Slowly but surely, the voting public has begun to rebel. Against globalisation, against the status quo, against the political elite, and against political correctness.

Those public speakers who have understood this and adapted to it, have won. “We’re sick of experts”. “We’re at breaking point.”  Guess who?  Suffice to say that they’ve been repeated ad nauseam by the Brexit and Trump camps.  From Gove and Johnson to Trump and Pence.  Politicians who have surfed the wave of disaffection and who, in the process, have adapted the age-old rules of public speaking to the modern political landscape.

WHAT WORKS?

Empathy

Politicians have always tried to ‘get it’. But this year’s winners have managed to connect with their audiences on an emotional level.  They have done it by targeting their core voters and appealing to them. Even if it means angering everyone else.  It’s classic retail marketing – better to create a passionate response (for and against you) than apathy.  The Marmite effect.

Amazingly, they have been able to exploit the general disaffection with the political class by blatantly ignoring the truth to make their point. The Leave campaign knew there would not be £350 million a week for the NHS.  Trump is not going to build a wall. But the facts are ignored if the audience finally hears someone telling them what they want to hear.  And repetition has become a core element of the new rhetoric.

The Hook

Traditionally this was just a joke or an anecdote to ease the audience into the more formal speech. Now it is an end in itself.  Let’s build a wall.  Let’s divert £350m per week into the NHS.  The opening gambit has become the hook, line and sinker.  If you repeat it enough, it will stick.

Brevity

OK, the Gettysburg address may have been less than 300 words, but it was the exception. A political speech was once only credible if it was long and detailed.  But speeches are getting shorter and punchier.  So are the sentences within them which have become interchangeable with soundbites.  ‘Yes we can’, ‘Make America Great Again’ and ‘Independence Day’ would once have been defined as slogans.
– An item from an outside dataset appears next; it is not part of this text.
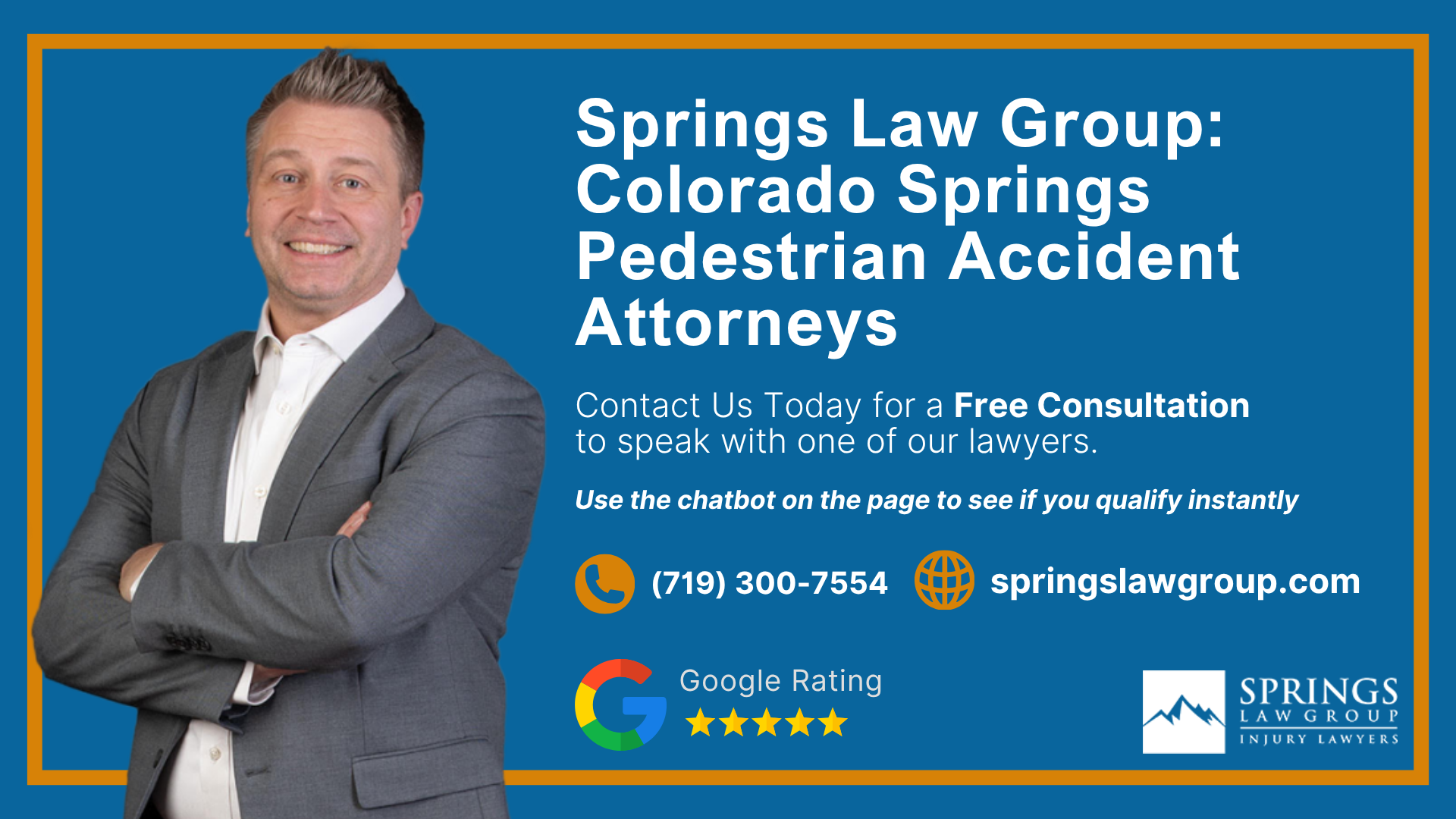 Meet Our Experienced Truck Accident Lawyers; Christoper Nicolaysen_ Colorado Springs Pedestrian Accident Attorney; How Much Does it Cost to Hire a Pedestrian Accident Lawyer from Springs Law Group; What to Do After Being Hit By a Car in Colorado Springs, Colorado; Gathering Evidence for a Pedestrian Accident Case; Damages in Pedestrian Accident Lawsuits; The Legal Process for Pedestrian Accident Claims in Colorado; Common Causes of Pedestrian Accidents; Common Types of Pedestrian Accident Injuries; Springs Law Group_ Experienced Truck Accident Attorneys in Colorado Springs, Colorado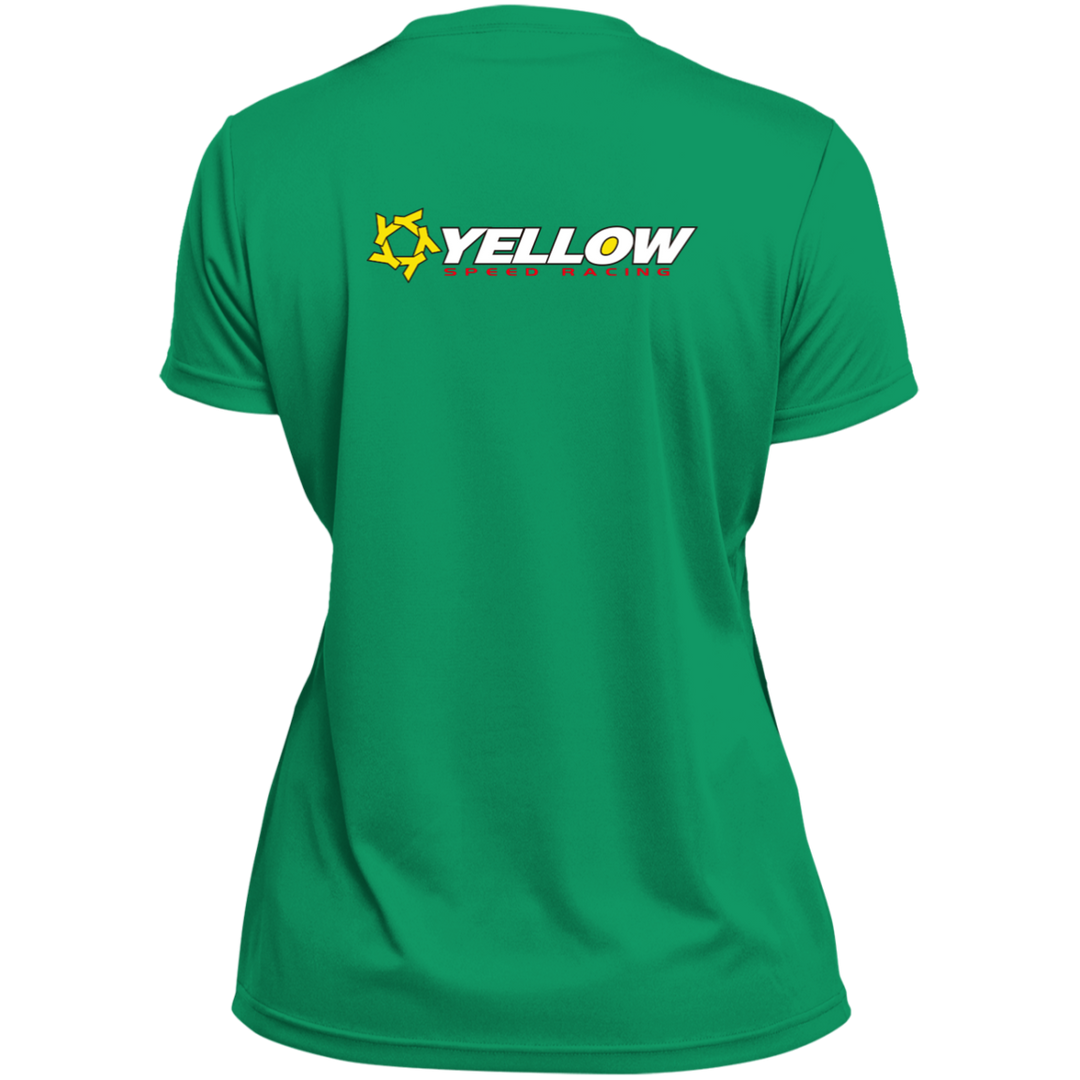 YSR Ladies’ Moisture-Wicking V-Neck Tee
Now they are sentences.  Repeated again and again and again.  Because YouTube, Twitter and Facebook love a link to something short, smart and memorable.

Prioritisation

Ever listened to the entire Budget speech? It’s hard work.  So much detail that it’s almost impossible to summarise immediately afterwards.  Which is why Gordon Brown tried to summarise it using ‘prudence’.  And why George Osborne repeated ‘a budget for working people’.  They got the principle, but the protest generation have gone a step further by removing the vast majority of the content in favour of repeating the priority messages again and again, often without feeling the need to contextualise at all.

Style

Trump, Brexit and, dare one say it, Marine le Pen, have stripped away the rhetorical flourishes, the adjectives and the poetry. What remains is a series of statements in language that sets them apart from the educated elite. Hard, simple and impossible to misconstrue.  It has been said that one is elected on poetry and governs on prose.  That now sounds like an observation from another age.

SO?

Where does this leave us? The bad (and sad) conclusion is that your speeches can include errors, lies and plagiarism.  They can be full of unfinished sentences and unfulfillable promises. And you can still win – possibly as a direct result.

But there are positive lessons to learn. Brexit and Trump demonstrate that if you think about your audience first, speak in their language, keep it simple, and don’t suffocate your speech with detail, then anything is possible.